Search code examples
xmlsolrdataimporthandlerdata-importschemaless

Indexing entire XML document on SOLR 7 with no field specification


I would try to put an xml document on SOLR (now i'm using 7.3.0 version) without set specific fields in data-config or putting one tag to get all the others. I tried with schemaless mode but I didn't get any document back. Is it possible to do this thing in some way, or SOLR can't handle it?

This is an example of my SOLR document.xml. I would like to detect all tags and getting back relative values without edit any fields. Like i said, i tried with schemaless mode and it didn't work.

<?xml version="1.0" encoding="UTF-8"?>
<digital_archive xmlns="https://www.site" dataCreazione="2017-05-11T17:15:00">
<DocumentalCategory>some data</DocumentalCategory>
<customer>some data</customer>
<producer>some data</producer>
<documentOwner>some data</documentOwner>
<sources>
    <source>
        <idc>
            <id scheme="adfr">some data</id>
            <name>some data</name>
            <path>sources\source\some_path.XML</path>
            <hash alg="SHA-256">3748738</hash>
        </idc>
        <vdc>
            <id scheme="some data">some data.XML</id>
            <timeReference>2017-03-17T14:19:01+0100</timeReference>
        </vdc>
    </source>
</sources>
<ud>
    <metadati>
        <Name>Jane</Name>
        <Surname>Doe</Surname>
        <FiscalCode>dsrsd6w7hedw</FiscalCode>
        <Date>29.10.2017</Date>
    </metadati>

The result that i expect is something like this:

    <field name="DocumentalCategory">some data</DocumentalCategory>
<field name="customer">some data</customer>
<field name="producer">some data</producer>
<field name="documentOwner">some data</documentOwner>
<field name="sources">
    <field name="source">
        <field name="idc">
            <field name="id" scheme="adfr">some data</id>
            <field name="name">some data</name>
            <field name="path">sources\source\some_path.XML</path>

Solution

  • Solr is not a database, it is a search engine.
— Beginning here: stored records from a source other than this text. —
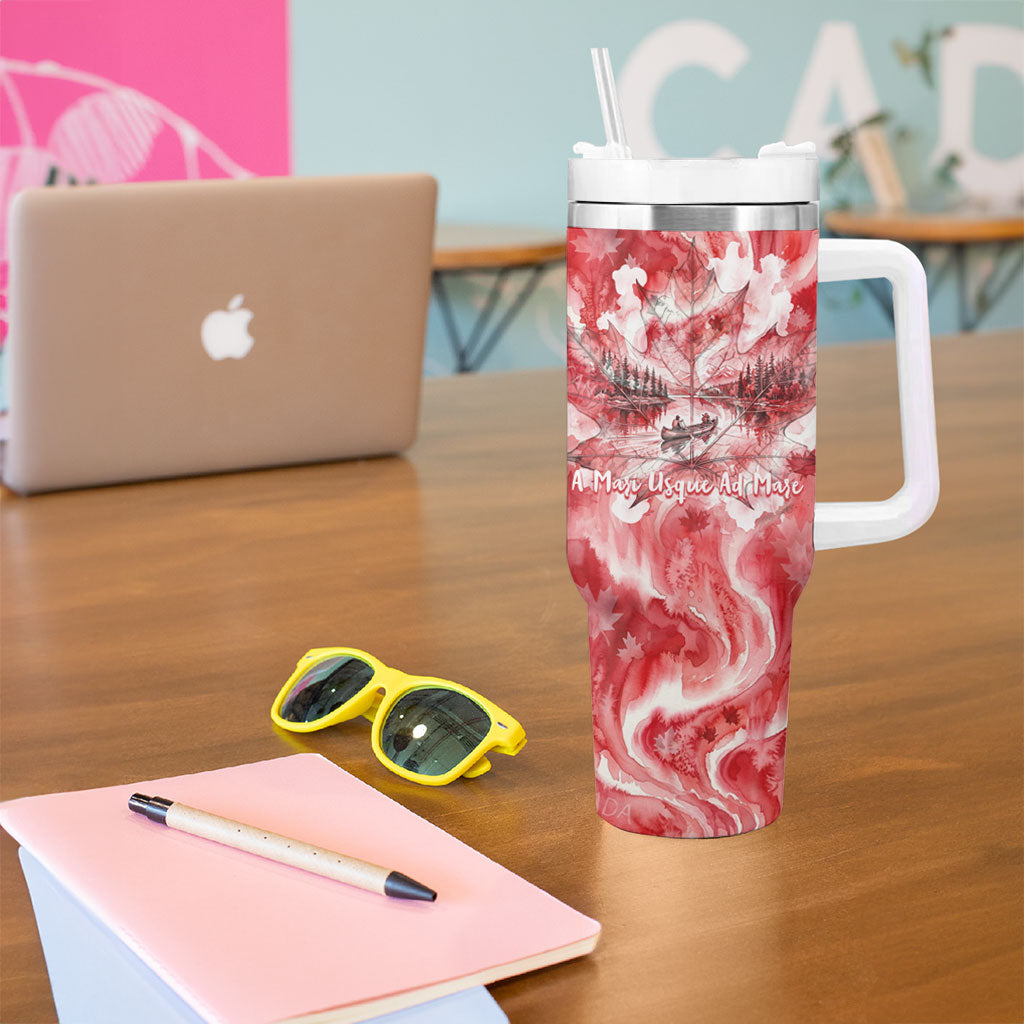 Canada Day Loon And Maple Leaf Tumbler With Handle Watercolor Nature Scenery Mari Usque Ad Mare Artistic
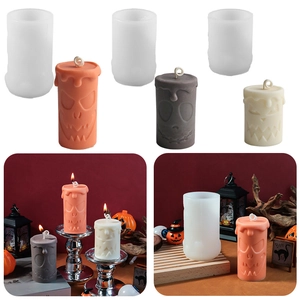 Halloween Pumpkin Ghost Face Pillar Candle Silicone Mold DIY Jack-o-lantern Aromatherapy Soap Making Craft Tool Decoration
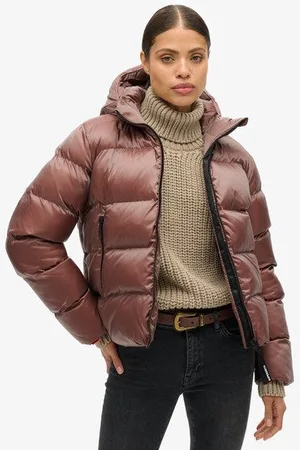 Superdry Vrouwen Luxe Sports Pufferjas met Capuchon Grootte: 42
Its goal is to give you good search results with preservation of original structure being less important.

    While there are some ways to take in nested documents, you will find that your searches afterwards will make you really rethink your import process.

    So, I would recommend you step back and think about how you would want to find this information first and what level record/subrecord would be returned. Then you can revisit the import question.
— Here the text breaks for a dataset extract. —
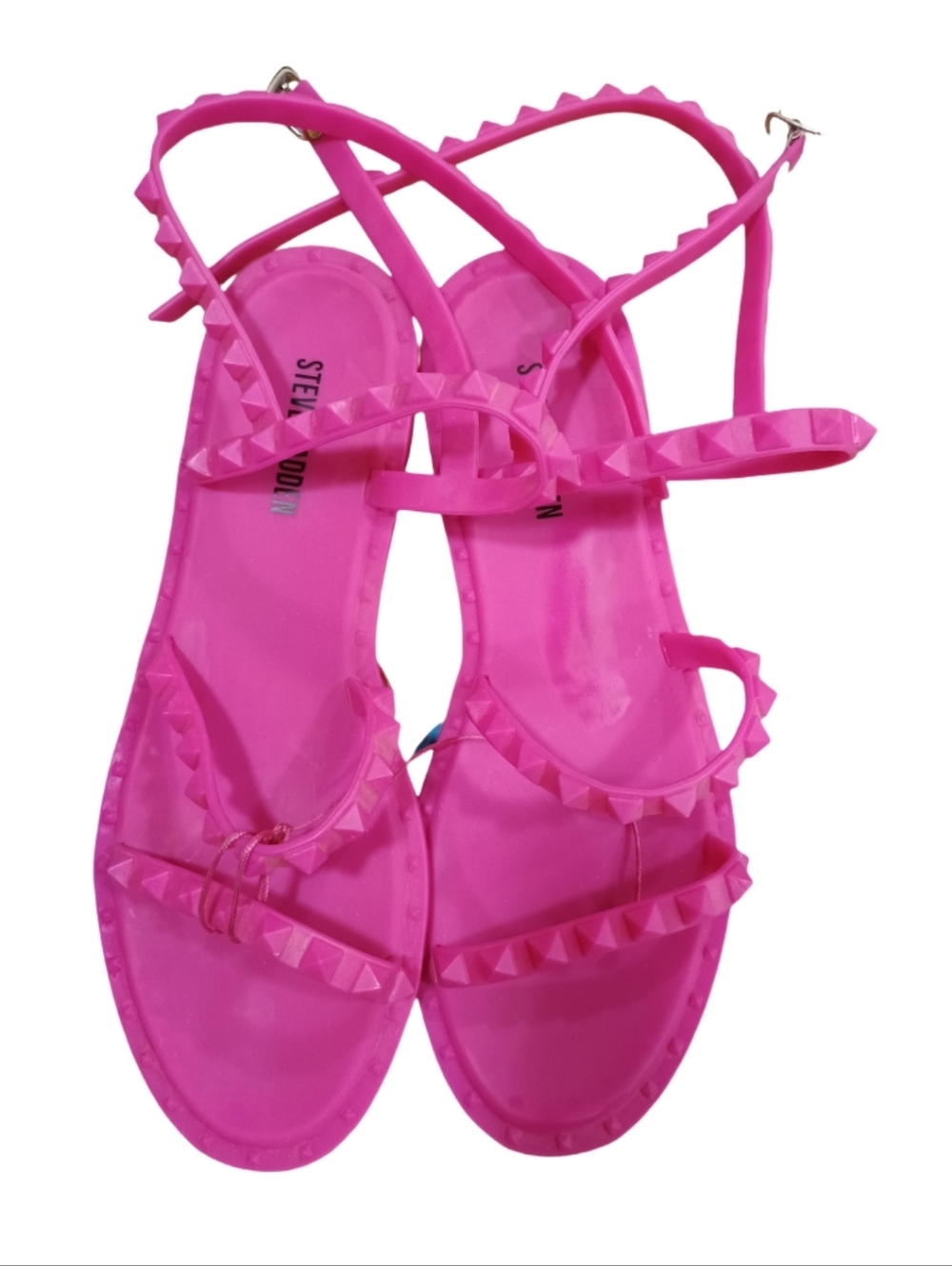 Steve Madden Neon Pink Studded Jelly Strappy Sandals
    Schemaless mode is not going to help you here, as it still expects your document to be in Solr format, whether XML, JSON or CSV. You have a custom XML format here. So, you need to transform it somehow. You can either use Data Import Handler and define the mapping or XSLT transform on the way in to make it match Solr's expectations. Either way, you would have to do some flattening and id mapping, most likely.